■ Task directions
What are the lines from the top of the entries below through the line containing "Ensembles de salle"? Return them exactly, both ends included, without the pictures.

Brief descriptive captions
+++
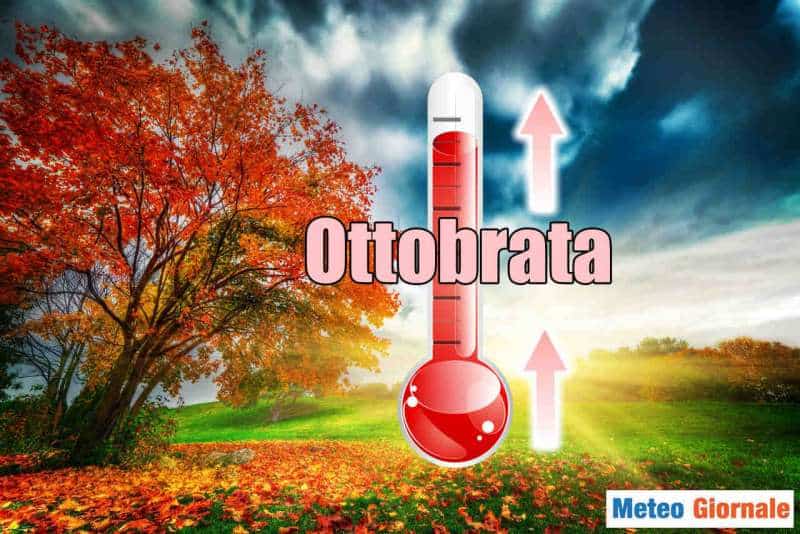 ottobrata 1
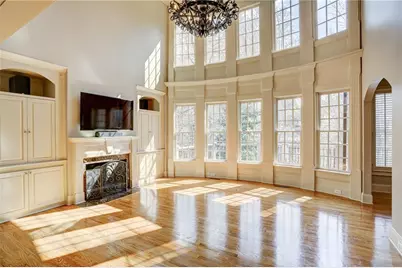 11015 Callington Court, Suwanee, GA 30024 - Photo 15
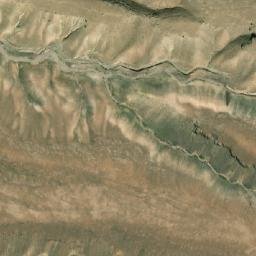 Satellite imagery of Shīnkī Ghunḏêy, AF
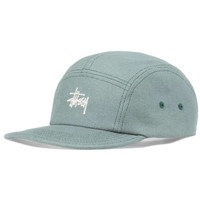 RESPECT ！让我们重新认识街牌始祖——STUSSY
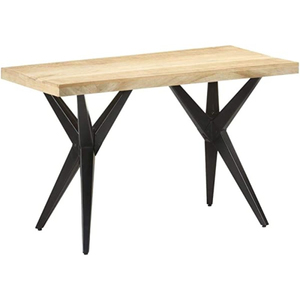 Ensembles de salle à manger de luxe avec tables élévatrices chaises de salle à manger meilleurs meubles de salon et de chambre à coucher pour la maison, l'école, l'hôtel ou la salle de sport - Product Image 2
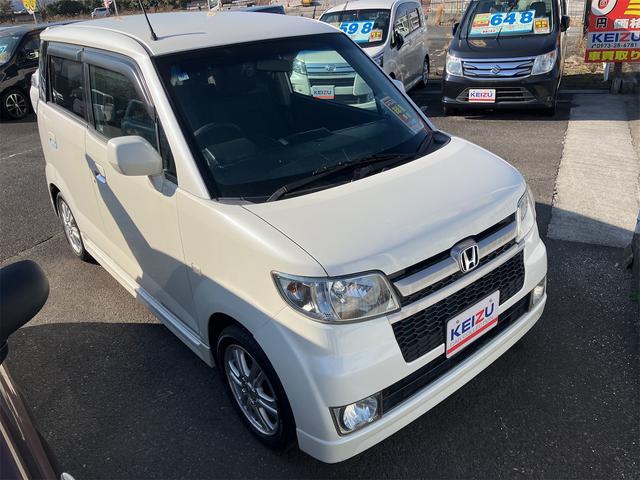 ���X�̂��Ԃ��������������܂��Ă��肪�Ƃ��������܂��B���Ԃɂ��Ă̂�����₨���ς�̂��˗��A���w���ɂ������Ă̂����k�Ȃǂ��C�y�ɂ��₢���킹�������I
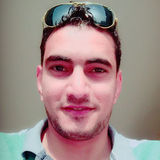 Mido from Al `Ayn | Man | 32 years old | Leo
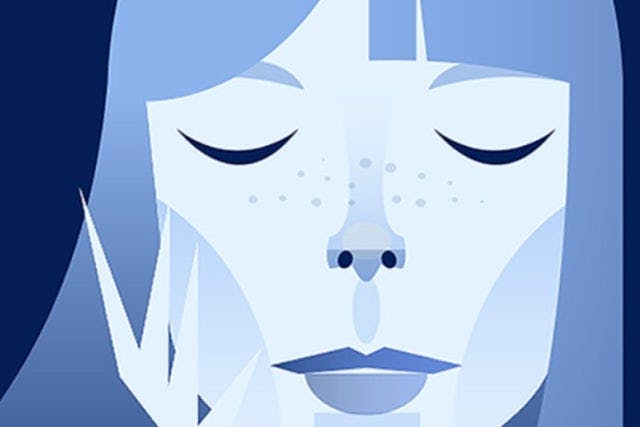 The Songs Of Joni Mitchell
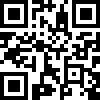 https://khabaronline.ir/xhkQK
+++
■ Solution
 ottobrata 1
 11015 Callington Court, Suwanee, GA 30024 - Photo 15
 Satellite imagery of Shīnkī Ghunḏêy, AF
 RESPECT ！让我们重新认识街牌始祖——STUSSY
 Ensembles de salle à manger de luxe avec tables élévatrices chaises de salle à manger meilleurs meubles de salon et de chambre à coucher pour la maison, l'école, l'hôtel ou la salle de sport - Product Image 2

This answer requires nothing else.